30

The problem: I'm trying to find the probability of a random undirected graph being connected. I'm using the model $G(n,p)$, where there are at most $n(n-1) \over 2$ edges (no self-loops or duplicate edges) and each edge has a probability $p$ of existing. I found a simple formula online where $f(n)$ is the probability of $G(n,p)$ being connected. But apparently it's too trivial for the writer to explain the formula (it was just stated briefly).

The desired formula: $f(n) = 1-\sum\limits_{i=1}^{n-1}f(i){n-1 \choose i-1}(1-p)^{i(n-i)}$

My method is: Consider any vertex $v$. Then there's a probability ${n-1 \choose i}p^i(1-p)^{n-1-i}$ that it will have $i$ neighbours.
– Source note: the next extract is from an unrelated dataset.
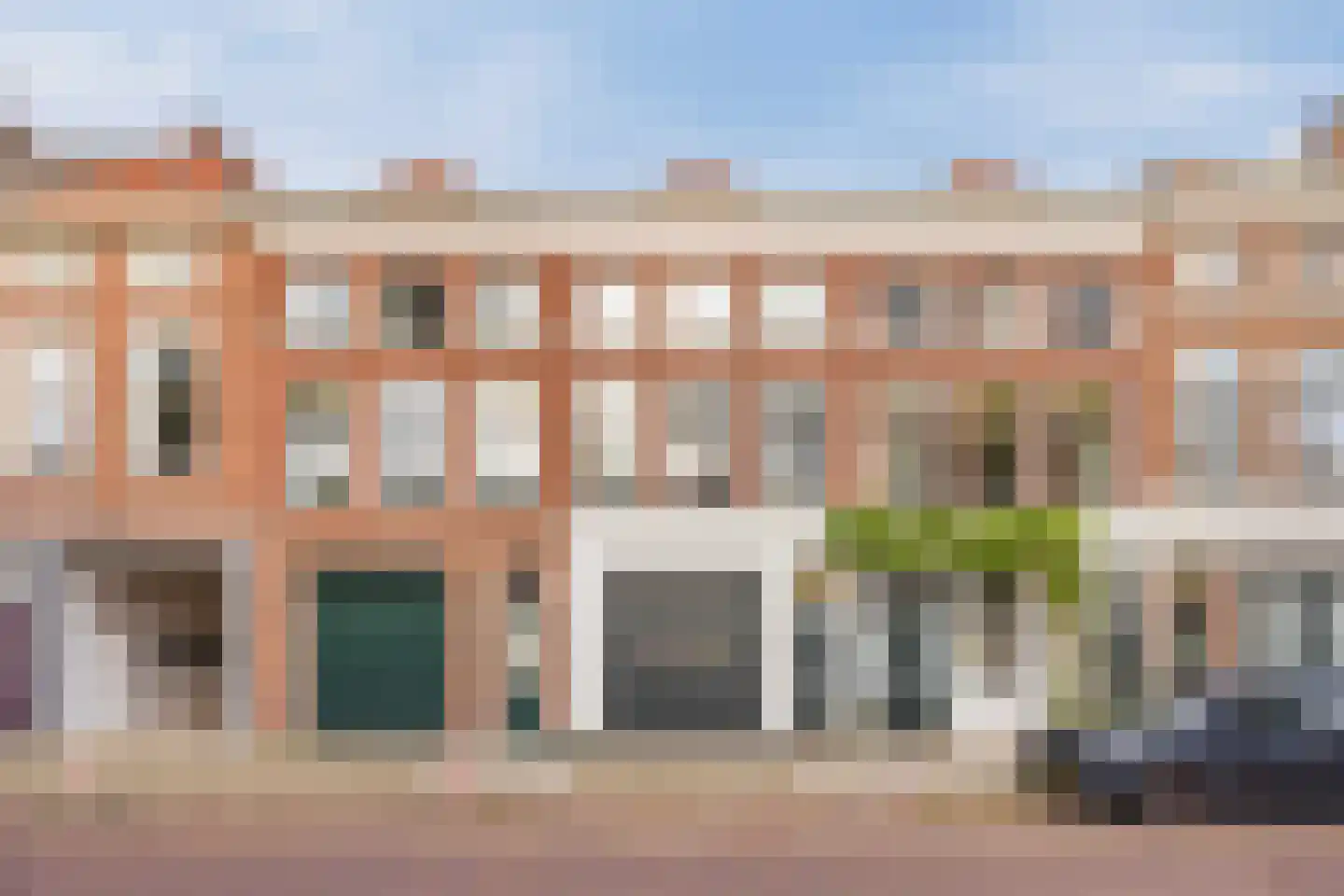Sumatrastraat 202 Den Haag thumbnail 5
After connecting $v$ to these $i$ neighbours, we contract them ($v$ and its neighbours) into a single connected component, so we are left with the problem of $n-i$ vertices (the connected component plus $n-i-1$ other "normal" vertices.

Except that now the probability of the vertex representing connected component being connected to any other vertex is $1-(1-p)^i$. So I introduced another parameter $s$ into the formula, giving us:

$g(n,s)=\sum\limits_{i=1}^{n-1}g(n-i,i){n-1 \choose i}q^i(1-q)^{n-1-i}$,

where $q=1-(1-p)^s$. Then $f(n)=g(n,1)$. But this is nowhere as simple as the mentioned formula, as it has an additional parameter...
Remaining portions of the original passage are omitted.